(Collected data)
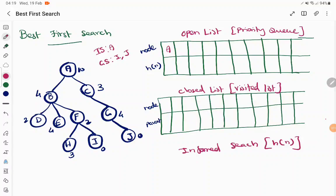We start the process with only the initial state — the root node — known to us, which is added to the open list. Each time, we take the node in the open list with the minimum priority, add it into the closed list, find all the children of that node, and add them into the open list. We repeat this process until the goal state has been added to the visit list.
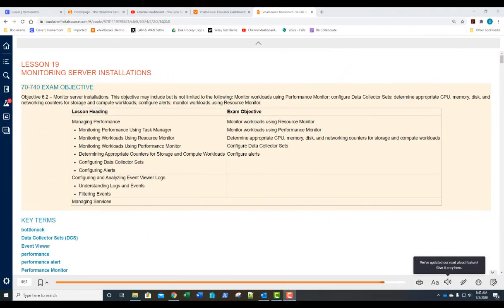70-740 Lesson 19: Monitoring Server Installations. This will be our last lesson in our 70-740 textbook.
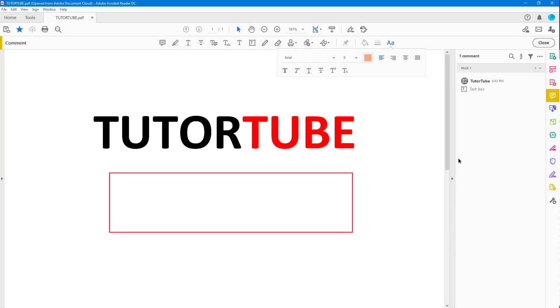You can see here that I have a comment box. If I want to type in a name, let's say I want to name a brand called Fantastica Coffee. This is a type of name, like a wordplay, and you can see it shows a spelling error.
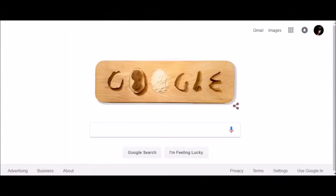If you don't want Google Chrome to save a record of what you visit and download, you can browse the web privately in incognito mode. Here is how it works.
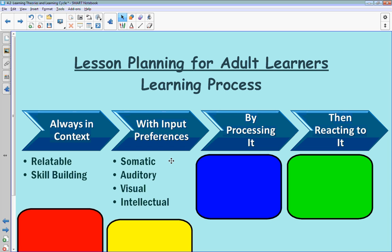Somatic learners are those that need to be hands-on, fidgeting, or moving. We try to design lessons that allow for some sort of movement. If you're building groups, ask students to get up and exchange tables. If you need students to grab a piece of paper, have them come up to the front of the room to get it. The 'A' stands for auditory — any of you listening to this video are experiencing auditory learning.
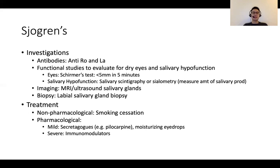Treatment-wise, smoking cessation is key. For mild disease, secretagogues and moisturizing eye drops can be considered. In severe disease, immunomodulating agents are used. We've come to the end of this presentation.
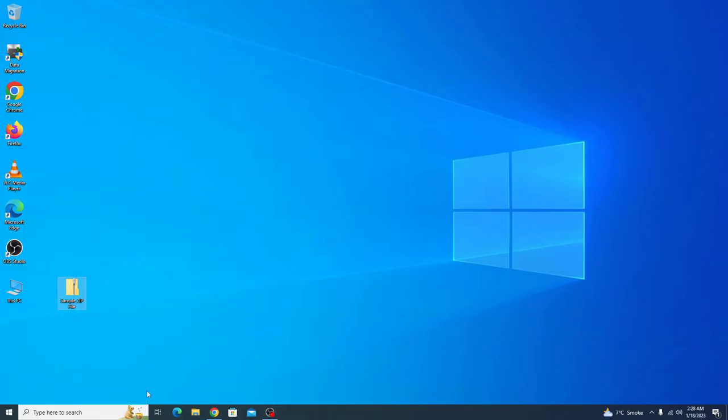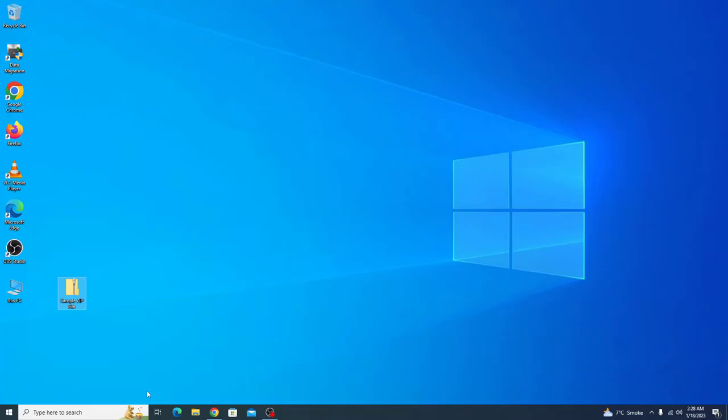If you don't already have WinRAR installed on your computer, then open the link in the video description. This is the link. Now select the version that you want to install.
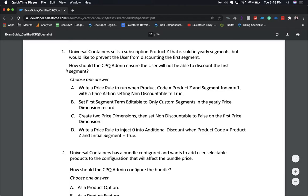The correct answer is A: write a price rule to run when product code equals product Z and segment index equals one, with a price action setting non-discountable equals true.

> **Required action**: Could you reproduce exactly the lines from the one containing "Treatment-wise, smoking cessation" through the last line of the records, both included, leaving out the pictures?

> **Answer to this problem**:
Treatment-wise, smoking cessation is key. For mild disease, secretagogues and moisturizing eye drops can be considered. In severe disease, immunomodulating agents are used. We've come to the end of this presentation.
If you don't already have WinRAR installed on your computer, then open the link in the video description. This is the link. Now select the version that you want to install.
The correct answer is A: write a price rule to run when product code equals product Z and segment index equals one, with a price action setting non-discountable equals true.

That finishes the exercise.